| WHAT THE TASK ASKS |
Extract exactly the lines from the top of the records through the line containing "DESCALIMPAPLUS Limpa Máquina", and keep pictures out of the copy.
==== GIVEN RECORDS
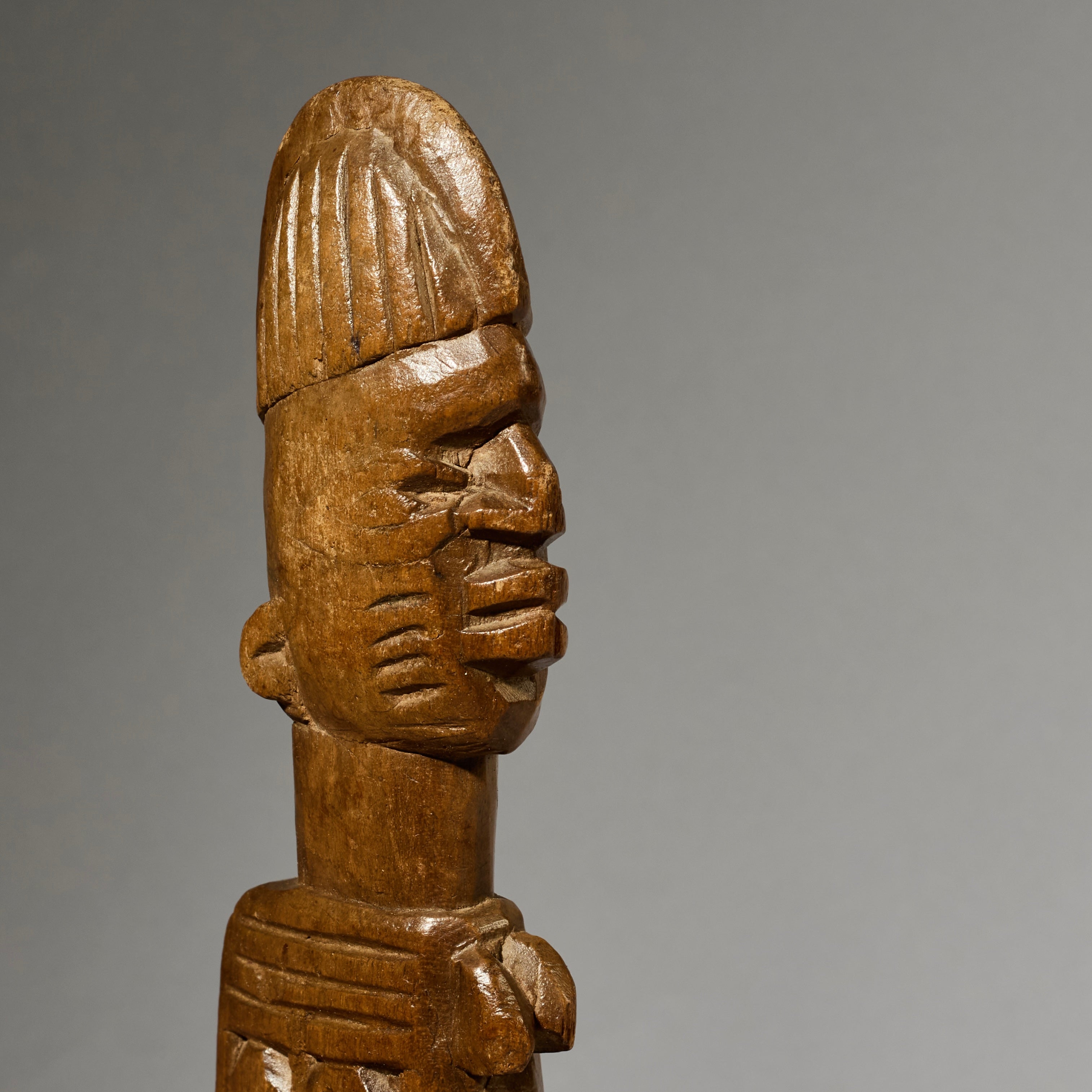 A LOVELY OLD  DOLL , EX UK COLL. YORUBA TRIBE OF NIGERIA ( No 5013 )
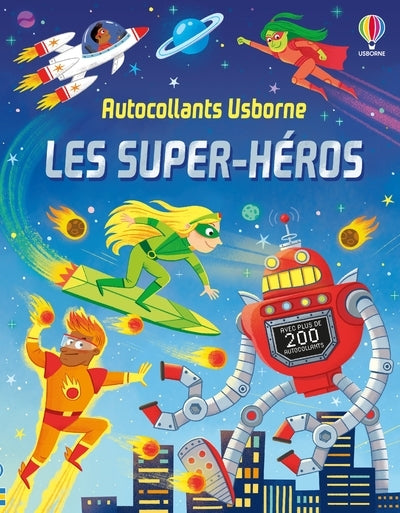 Les super-héros - Premiers autocollants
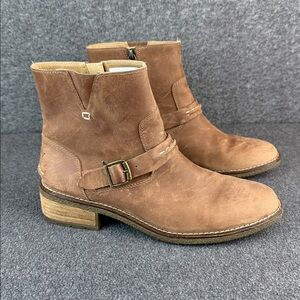 New Sperry Seaport Storm Suede Buckle Ankle Boots 8.5
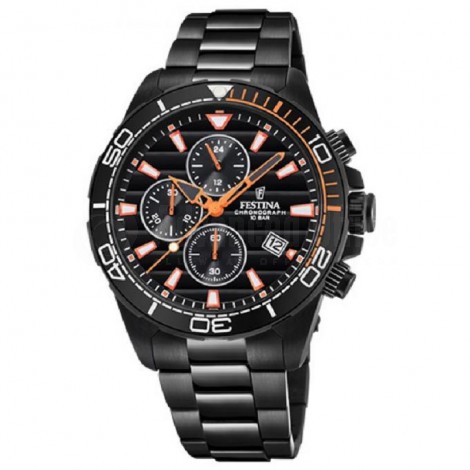 Montre chronographe pour Homme FESTINA F20365 Bracelet en Acier Inoxydable Noir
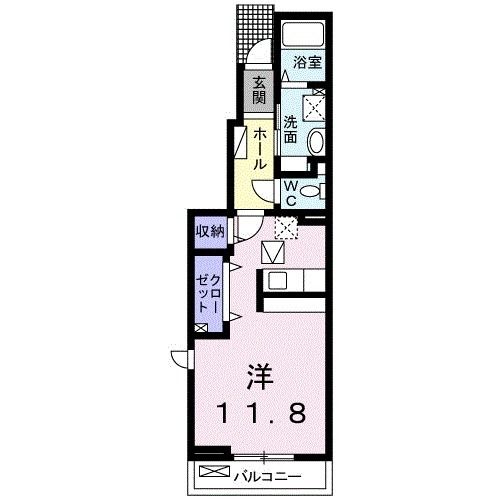 宮城県石巻市水明南２（アパート）の賃貸物件の間取り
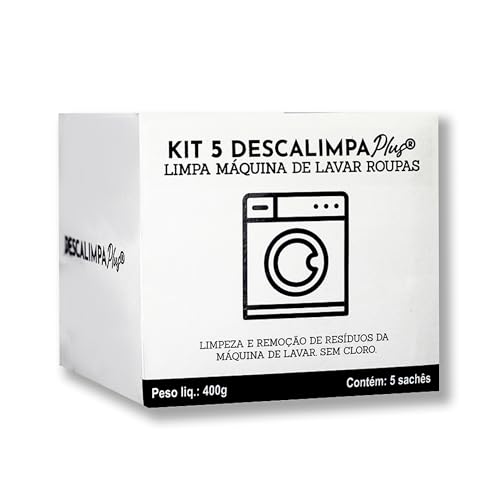 DESCALIMPAPLUS Limpa Máquina de Lavar Roupa Natural Limpeza Inter...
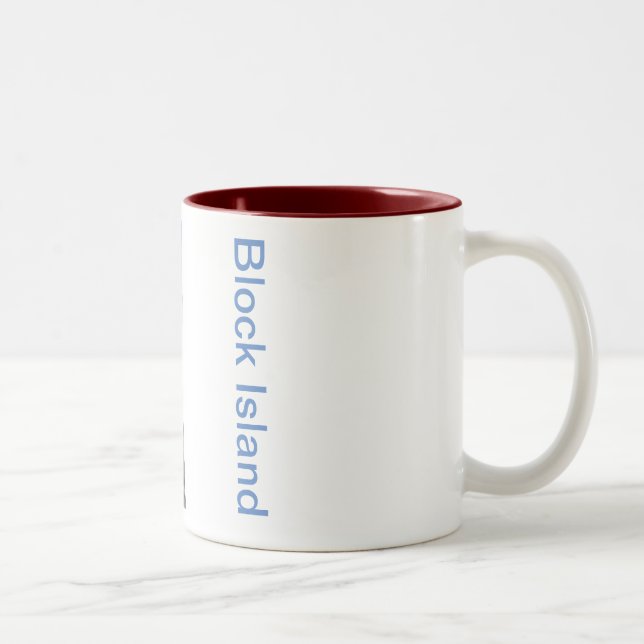 Block-Insel-Becher, der alten Hafen betritt Zweifarbige Tasse (Rechts)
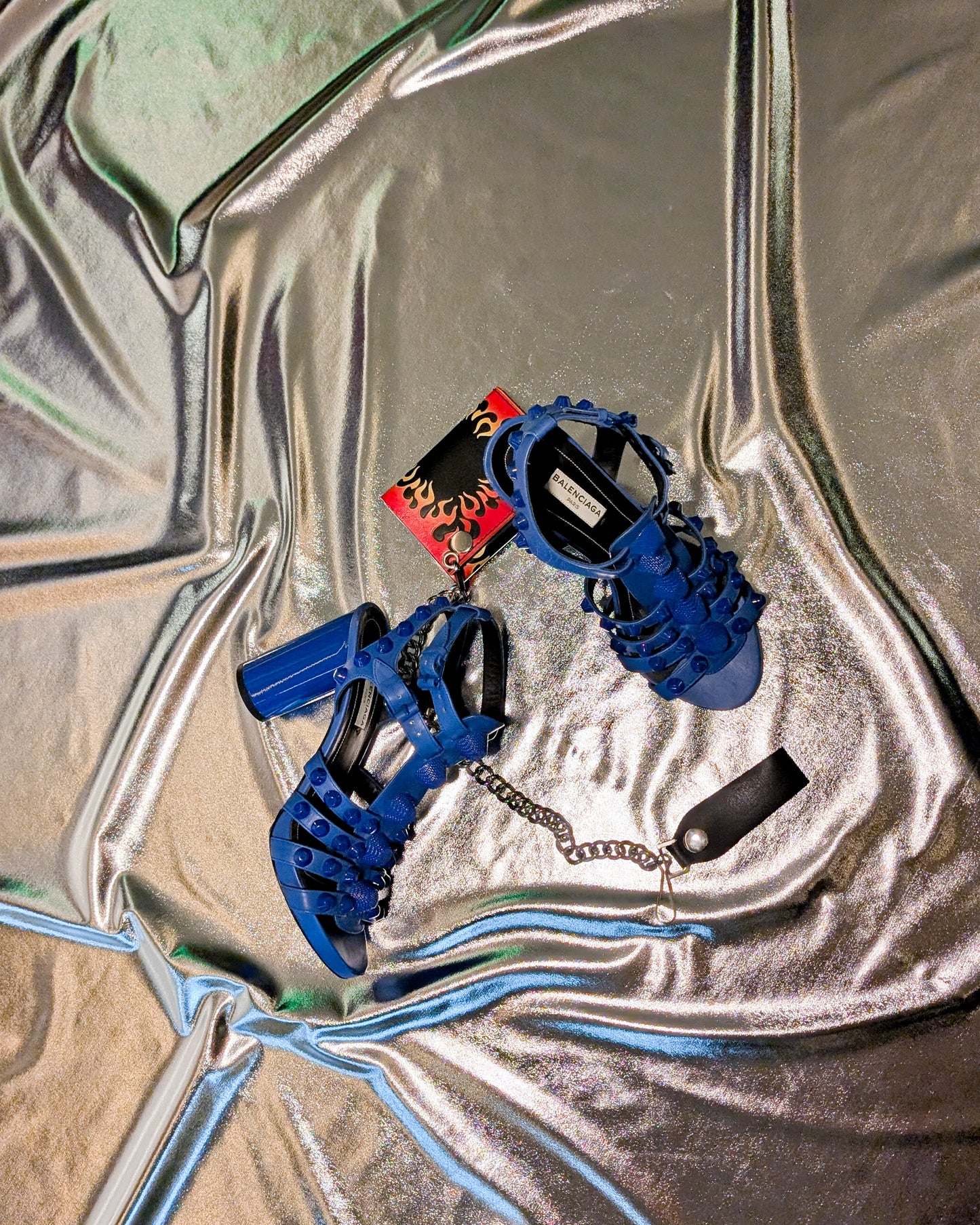 BALENCIAGA STUDDED  GLADIATOR  HEELS - SIZE 36.5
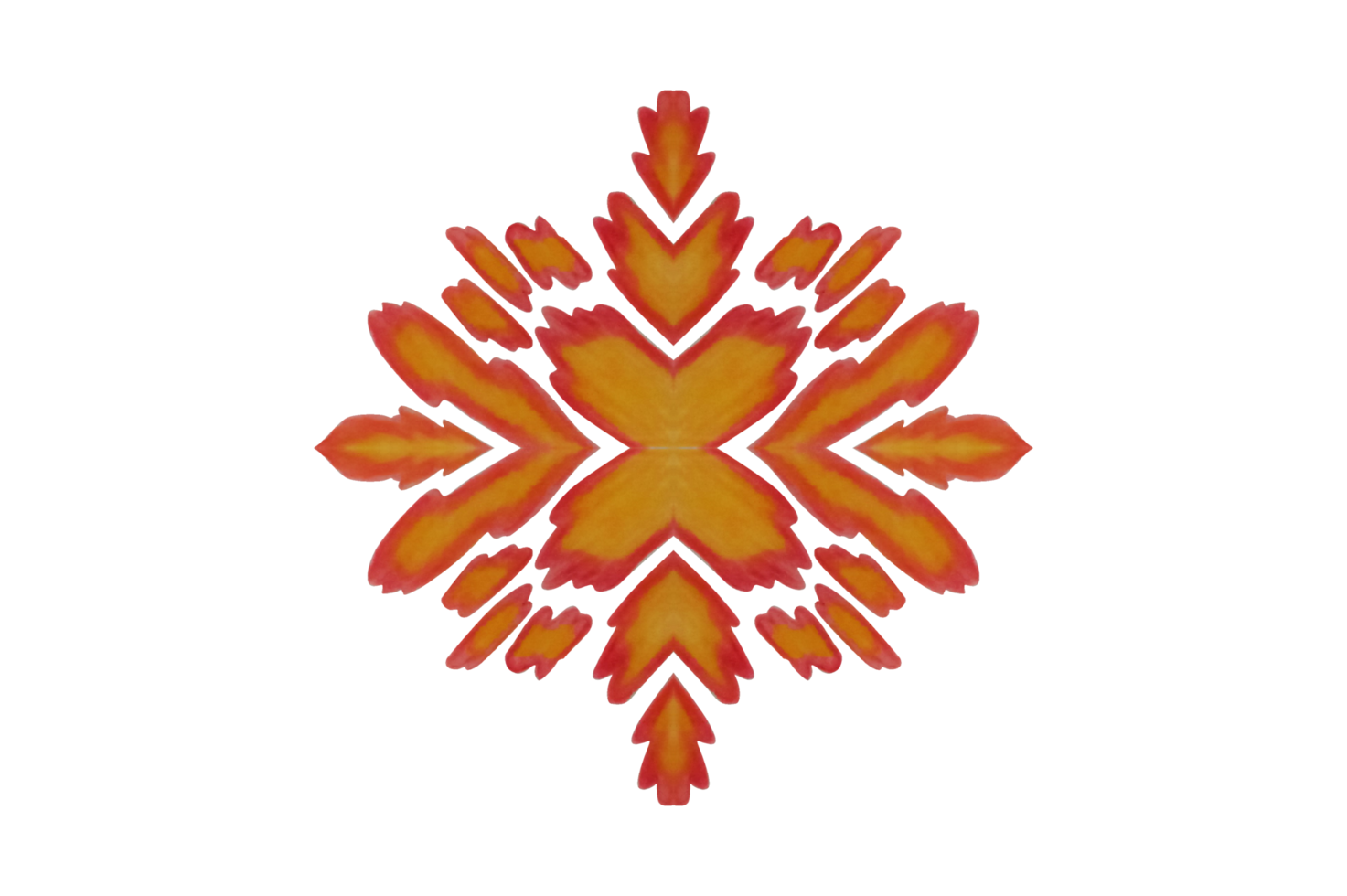 Fire Burst Ornament Design png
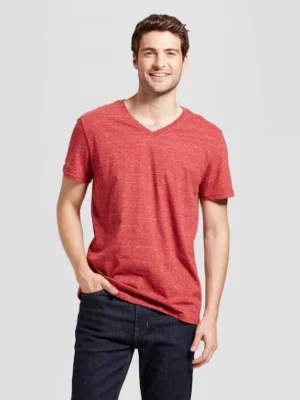 Mens-Standard-Fit-Heathered-Short-Sleeve-V-Neck-T-Shirt01-600x764-1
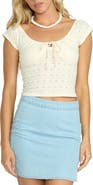 Billabong Mia Eyelet Crop Top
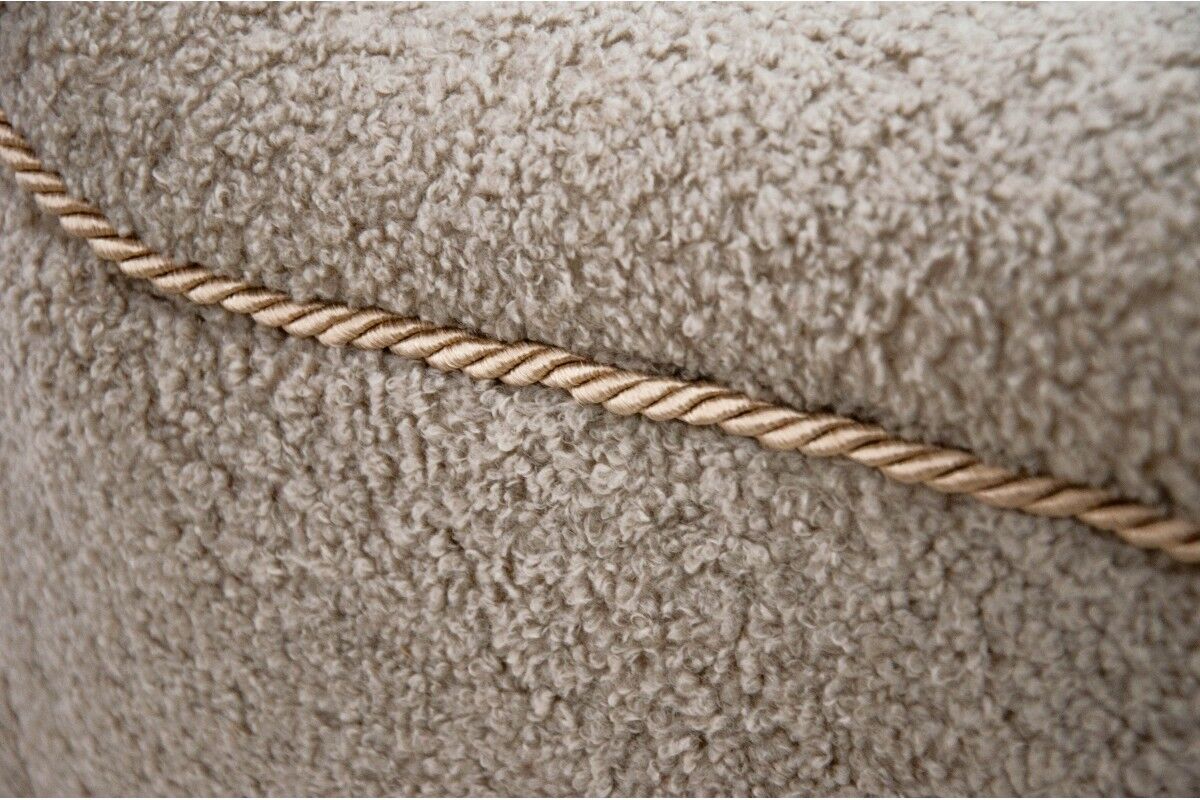 Beige Bouclé Armchair, Danish Design, 1960s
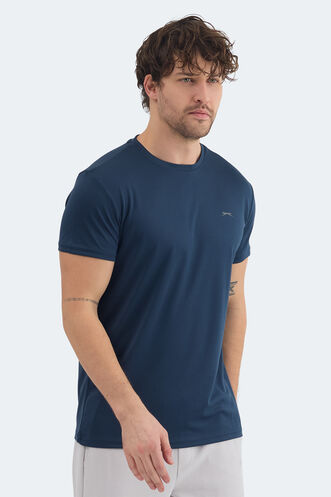 Slazenger OMAR KTN Men's T-Shirt Indigo - Thumbnail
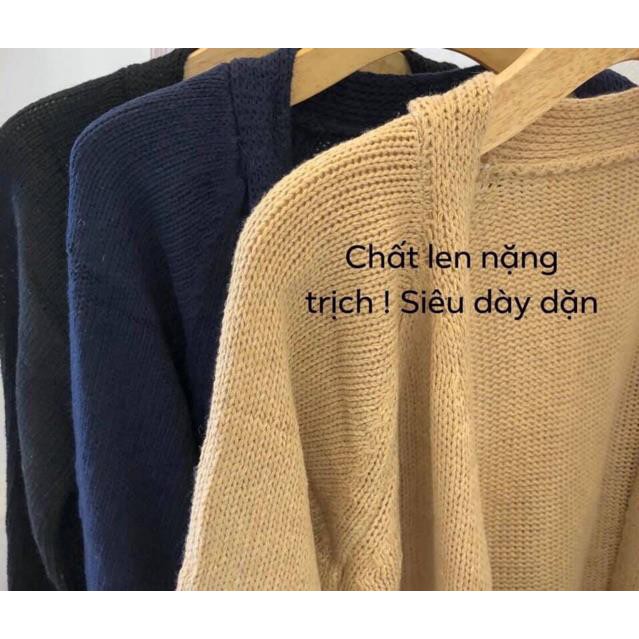 [HOT NEW] Áo Khoác Len Cadigan Mùa Thu Đông Dày Dặn | BigBuy360 - bigbuy360.vn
========
| SOLUTION FOR THIS TASK |
 A LOVELY OLD  DOLL , EX UK COLL. YORUBA TRIBE OF NIGERIA ( No 5013 )
 Les super-héros - Premiers autocollants
 New Sperry Seaport Storm Suede Buckle Ankle Boots 8.5
 Montre chronographe pour Homme FESTINA F20365 Bracelet en Acier Inoxydable Noir
 宮城県石巻市水明南２（アパート）の賃貸物件の間取り
 DESCALIMPAPLUS Limpa Máquina de Lavar Roupa Natural Limpeza Inter...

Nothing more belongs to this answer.